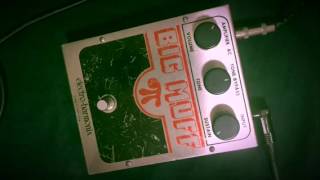 Electro-Harmonix BIG MUFF 3rd 1981's - Full Gain - YouTube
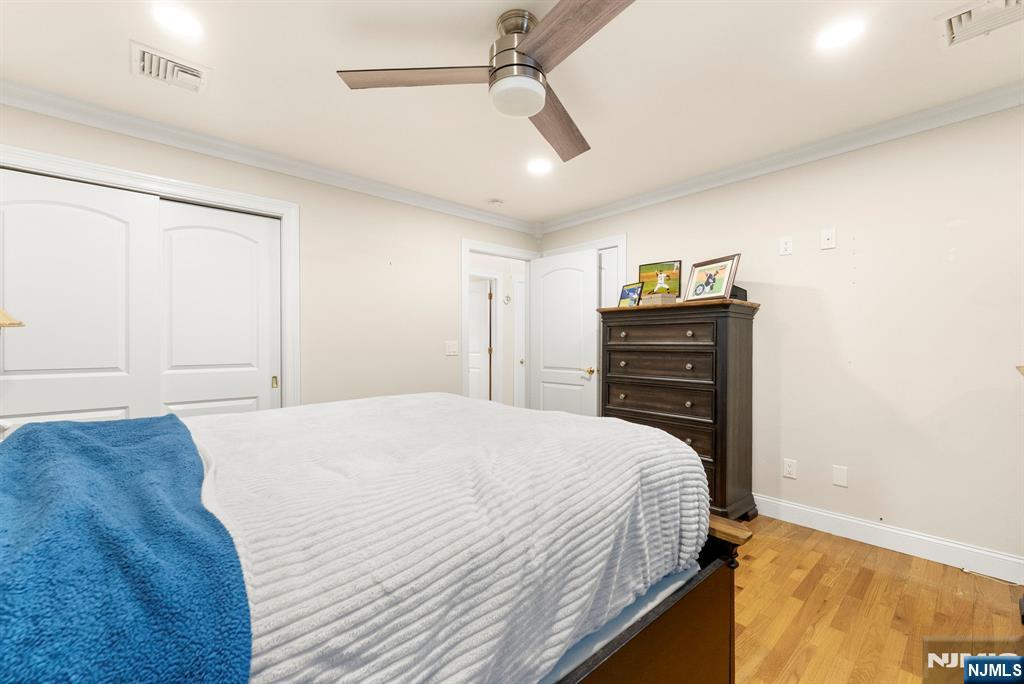 property viewer photo 31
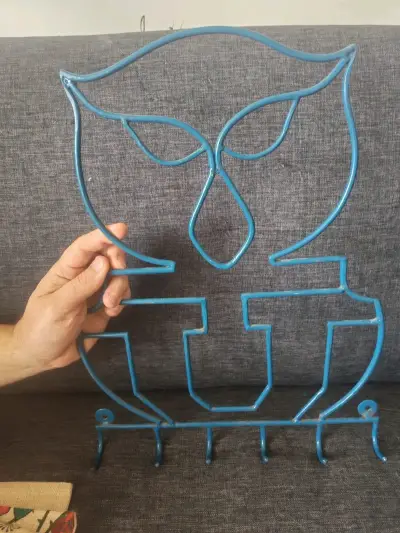 Colgador de pared metálico en forma de flor - miniatura 2
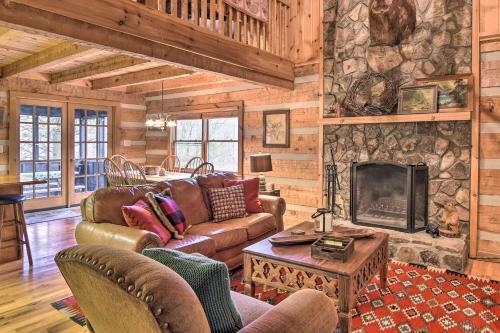 Scenic Cabin With 2 Fishing Ponds And Pool Table!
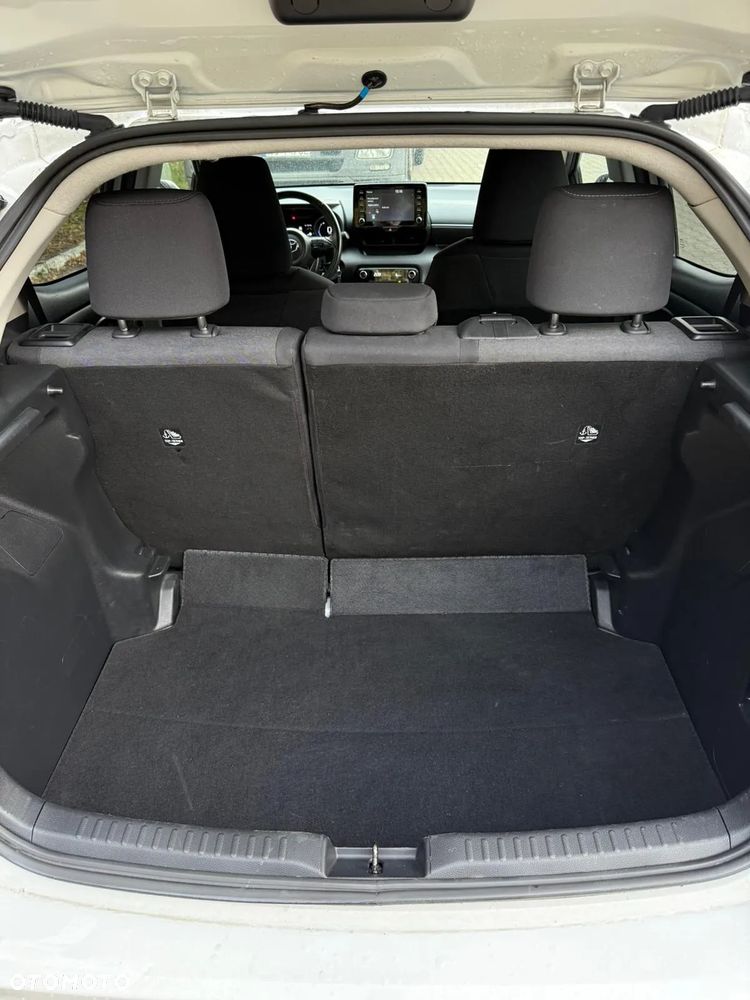 Toyota Yaris ver-hybrid-1-5-comfort - 16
■ ■ ■ ■
▶ _PROMPT_: Nothing but the lines from the one containing "property viewer photo 31" through the final line of the entries above should be given again, each exactly as written; omit the pictures.

▶ _OUTPUT OF THE TASK_:
 property viewer photo 31
 Colgador de pared metálico en forma de flor - miniatura 2
 Scenic Cabin With 2 Fishing Ponds And Pool Table!
 Toyota Yaris ver-hybrid-1-5-comfort - 16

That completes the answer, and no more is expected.